Task directions - Could you repeat, word for word, the line with "Hi, this is" and every line after it in the records below, leaving out any pictures?

╭─ The data

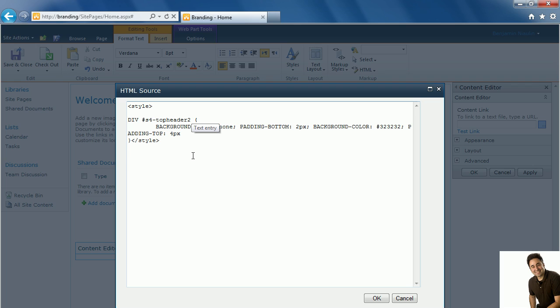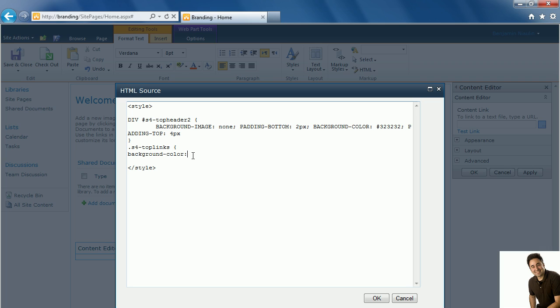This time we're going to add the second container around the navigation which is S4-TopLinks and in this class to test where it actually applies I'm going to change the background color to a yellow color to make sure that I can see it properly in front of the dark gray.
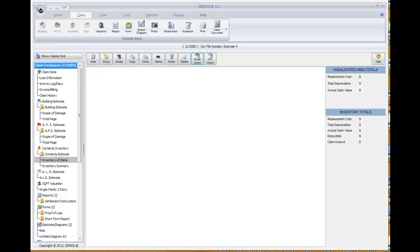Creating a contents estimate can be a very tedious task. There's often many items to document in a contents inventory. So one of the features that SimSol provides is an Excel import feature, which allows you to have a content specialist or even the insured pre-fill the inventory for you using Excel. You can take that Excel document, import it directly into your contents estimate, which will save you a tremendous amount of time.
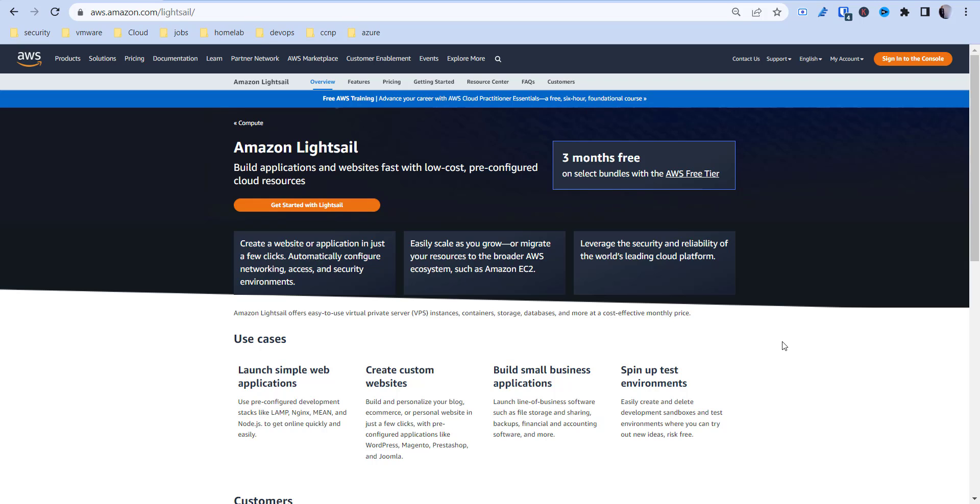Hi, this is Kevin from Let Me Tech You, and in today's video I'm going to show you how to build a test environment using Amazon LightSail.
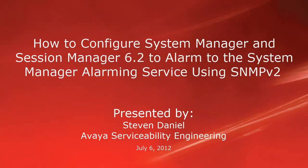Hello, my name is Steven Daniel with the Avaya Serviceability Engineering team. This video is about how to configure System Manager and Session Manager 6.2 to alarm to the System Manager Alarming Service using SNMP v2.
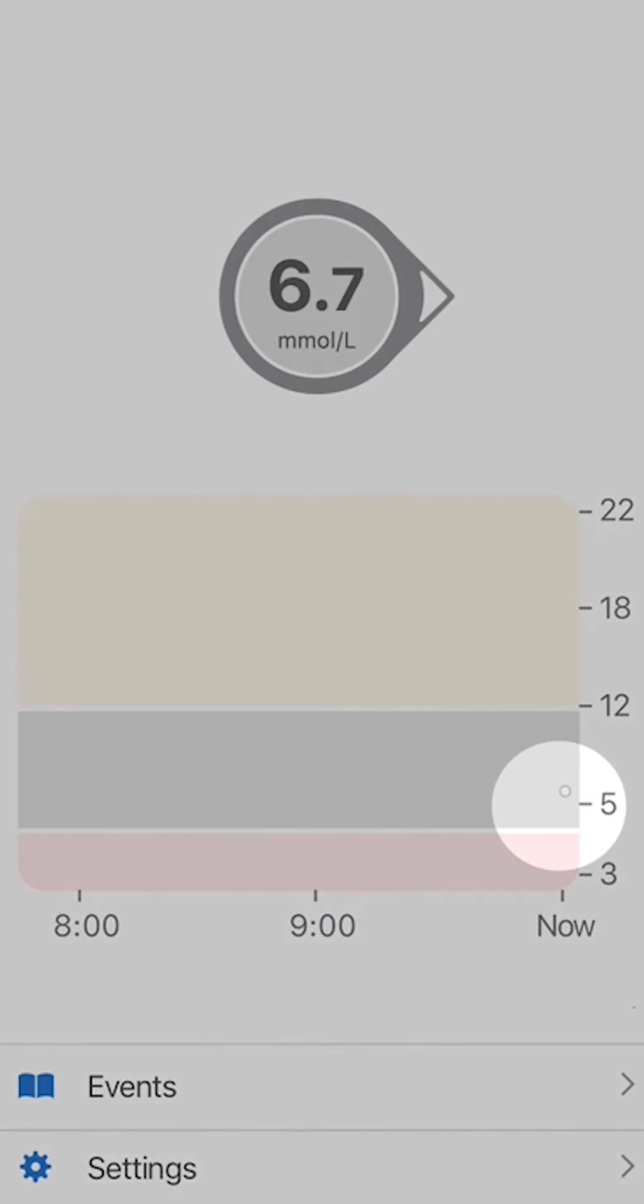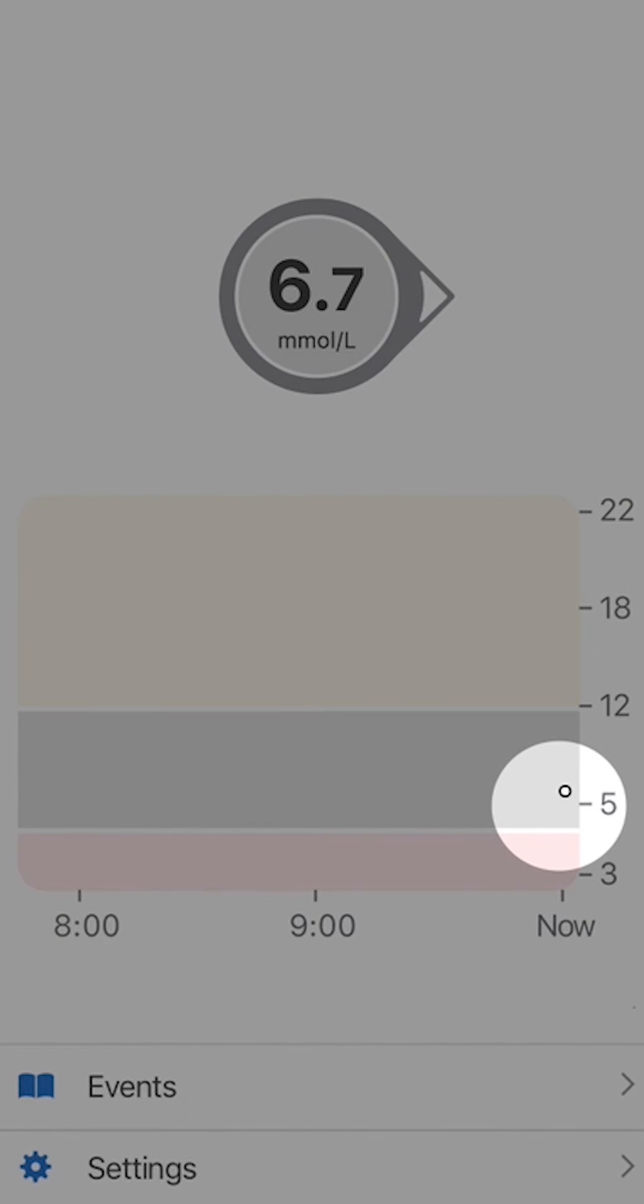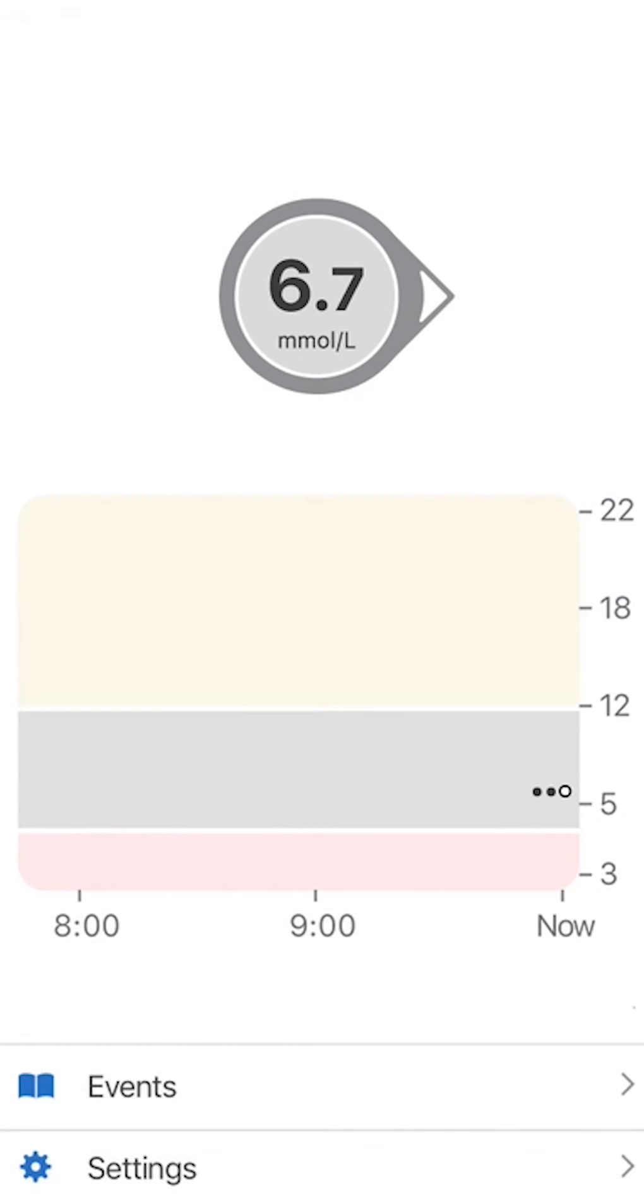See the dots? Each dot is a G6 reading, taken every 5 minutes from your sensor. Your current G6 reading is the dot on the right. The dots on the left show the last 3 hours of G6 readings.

╰─

Your solution -
Hi, this is Kevin from Let Me Tech You, and in today's video I'm going to show you how to build a test environment using Amazon LightSail.
Hello, my name is Steven Daniel with the Avaya Serviceability Engineering team. This video is about how to configure System Manager and Session Manager 6.2 to alarm to the System Manager Alarming Service using SNMP v2.
See the dots? Each dot is a G6 reading, taken every 5 minutes from your sensor. Your current G6 reading is the dot on the right. The dots on the left show the last 3 hours of G6 readings.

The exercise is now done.